Accurate and thorough geologic site characterization is crucial to choosing and engineering a location for long-term subsurface storage of carbon dioxide. Characteristics of a viable site include large reservoir capacity, permeability values that allow reasonable injection rates, geomechanical and geochemical conditions that will trap the CO2 without severely occluding porosity, and an effective structural or stratigraphic seal. As federal and state governments incorporate these characteristics into regulations for geologic sequestration of CO2, geoscientists are working to assess these attributes and conduct preliminary modeling necessary for permitting. Unlike subsurface models designed to predict potential hydrocarbon reservoirs, CO2 geosequestration models must correctly forecast storage capability and predict leakage risk for thousands of years.
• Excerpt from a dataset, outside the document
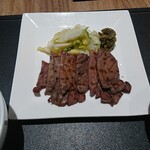 牛たん 仙台牛 伊勢屋 - 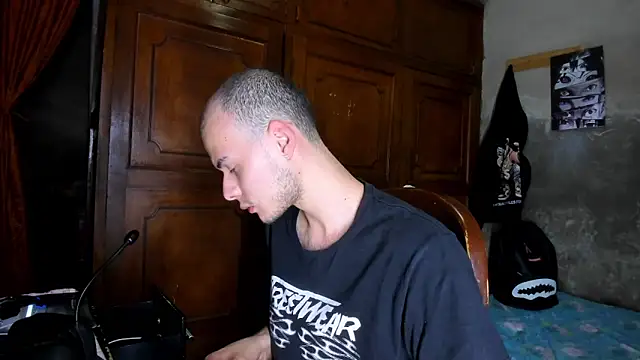 Snapshot of bruce_kane21 chatting on 26, 11, 2025 bruce kane21 online show from 26, 11, 2025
It is therefore imperative that models consider micro, local, and regional variations in the potential injection zone and seals.
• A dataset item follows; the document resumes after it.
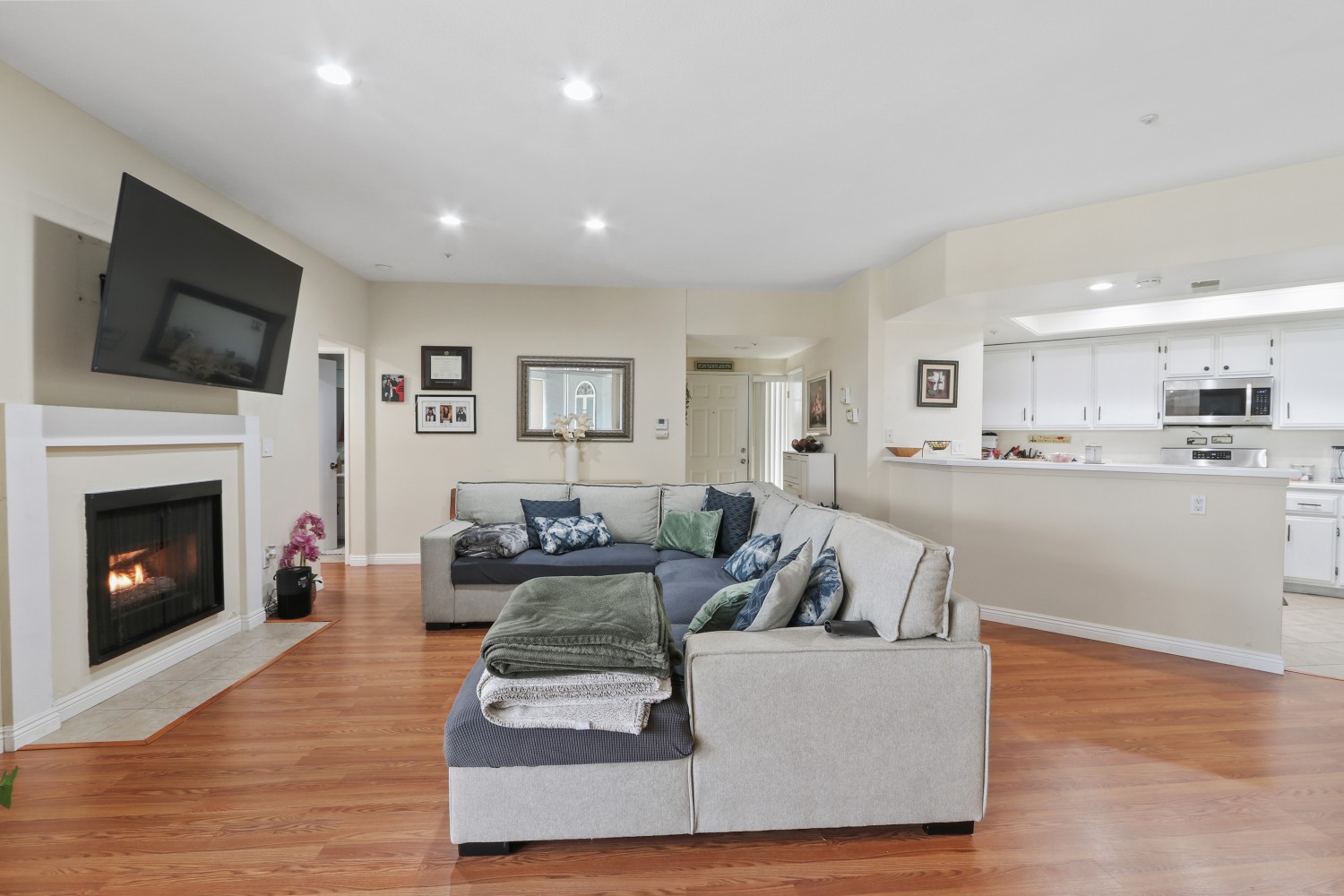 Elfyer - Garden Grove, CA House - For Sale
The importance of considering these scale variations is exemplified by the Moxa Arch of southwestern Wyoming, where the Ordovician Bighorn Dolomite is a potential storage reservoir. The Bighorn Dolomite displays centimeter-scale porosity variations from the dolomitization process and subsequent compaction. Compaction and folding worked to chemically and mechanically deform the reservoir, resulting in a complex stylolite and fracture network. Porosity differences, stylolites, and fractures combine to form baffles and barriers to flow, and may be responsible for reservoir compartmentalization at the micro to local scale. The overlying potential seal, the Darby Formation, further complicates the issue because it represents an onlapping series of sub- to peritidal dolomitized sandstone, siltstone, and claystone. The lithologic variation in this seal is significant and should be characterized within a regional stratigraphic framework. Only with detailed analyses of multi-scale heterogeneities can reservoirs such as the Bighorn Dolomite be confidently utilized for long-term CO2 storage.